Martin Bayer (born 1971) works in the fields of civic education and the cultural dimension of war. He has a vocational education in photography from Lette Verein Berlin, a BA in War Studies from King’s College London and a Master of Peace and Security Policy Studies from the Institute of Peace and Security Policy Studies at the University of Hamburg. One of his main subjects is the First World War about which he also wrote the centenary study for the German Foreign Office. His project Wartist (www.wartist.org) includes a bilingual blog website on war and the arts and curating various art exhibitions. His own photographic projects comprise series on disused military equipment and data on sunken warships. He lives and works in Berlin, Germany.
Disruptive pattern camouflage has become synonymous for military kit. Besides its military use, it is also an icon of its own, a symbol of protest as well as an aspect of fashion.
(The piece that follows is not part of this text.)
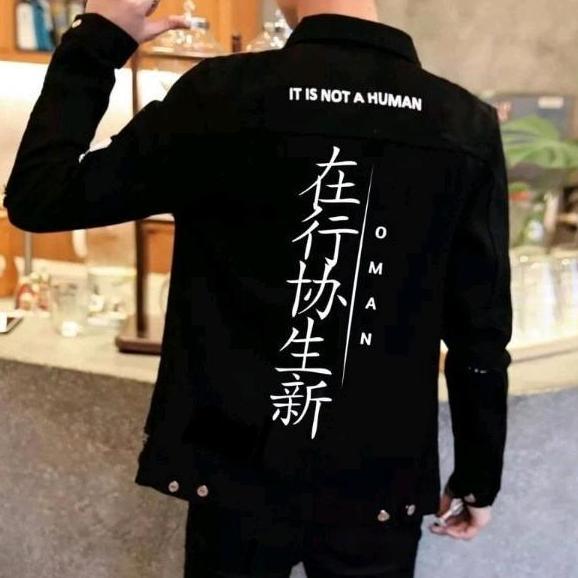 BEST SELLER / PREMIUM JAKET JEANS HITAM SABLON TOMAN JAKET PRIA JAKET JEANS BORDIR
For centuries, military uniforms had been colourful to differentiate friend from foe on the battlefield, but also as a distinguishing feature towards civil society. With technological progress and the advent of both aviation and improved photography a century ago, camouflage became a necessity. Artists and zoologists played a huge role in developing camouflage patterns. Today, most nations have a distinct national camouflage, and often, specific services or special forces have their very own uniforms as a sign of distinction. Nevertheless, many patterns can be traced back to the 1930s and 1940s. While fooling an observer is at the heart of military camouflage, it remains to be ambivalent, with its roles ranging from a desired cloak of invisibility to an indicator of power and prowess. In the past decades, camouflage has become synonymous with the military, and simultaneously, a global icon on its own, a political statement and an aspect of fashion.